- WORK REQUIRED:
Reproduce only the lines below from the line containing "Jeep Compass 1.5" to the line containing "Cofra Sicherheitsschuhe S3 VANTREK ESD", exactly as written, with both end lines kept. Omit the pictures.
Segment Start: RECORDS FOR THIS TASK
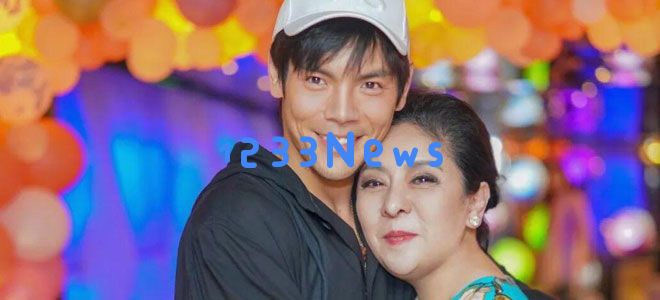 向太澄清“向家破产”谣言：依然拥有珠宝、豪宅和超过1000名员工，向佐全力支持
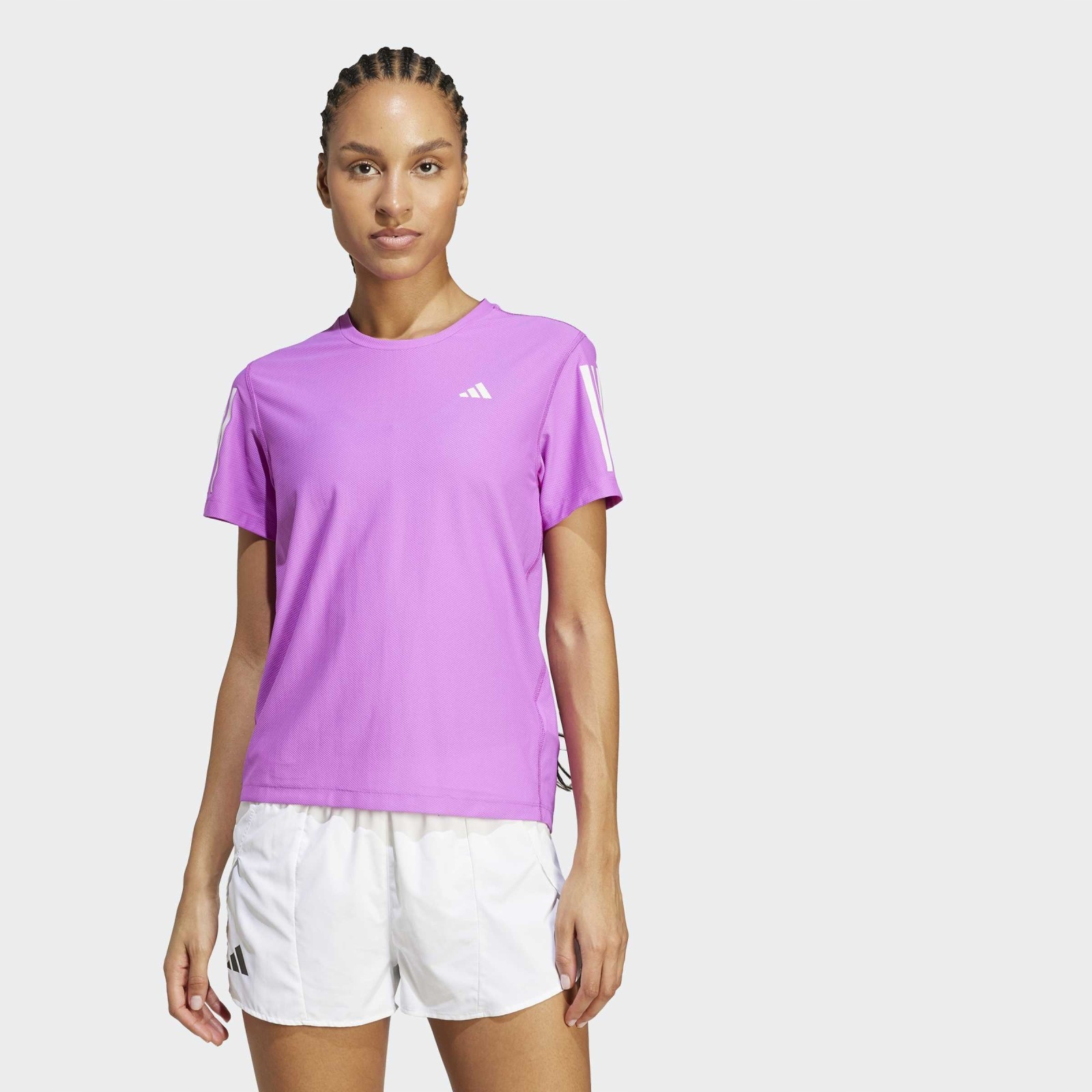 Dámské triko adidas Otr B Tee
Segment End: RECORDS FOR THIS TASK
Segment Start: RECORDS FOR THIS TASK
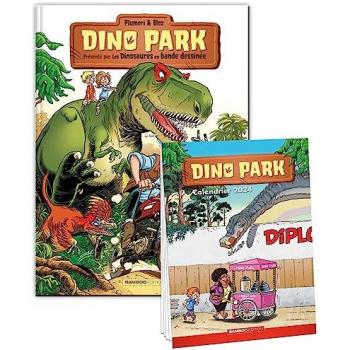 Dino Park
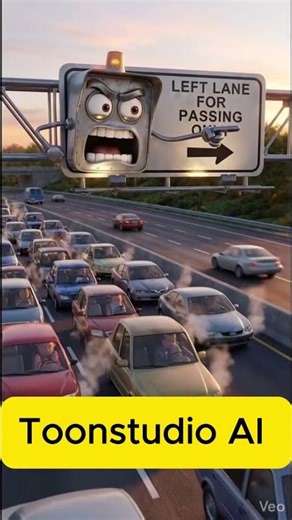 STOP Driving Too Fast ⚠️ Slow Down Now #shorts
Segment End: RECORDS FOR THIS TASK
Segment Start: RECORDS FOR THIS TASK
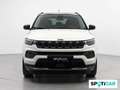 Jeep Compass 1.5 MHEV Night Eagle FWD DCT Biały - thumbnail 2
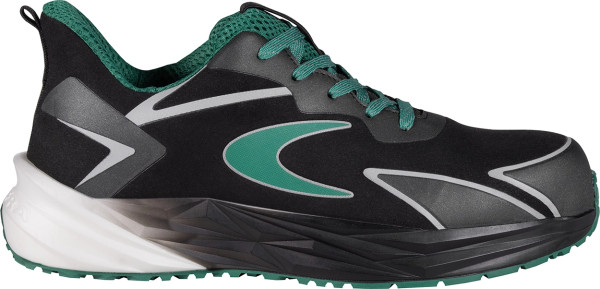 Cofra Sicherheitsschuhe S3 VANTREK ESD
Segment End: RECORDS FOR THIS TASK
- TASK OUTPUT:
 Jeep Compass 1.5 MHEV Night Eagle FWD DCT Biały - thumbnail 2
 Cofra Sicherheitsschuhe S3 VANTREK ESD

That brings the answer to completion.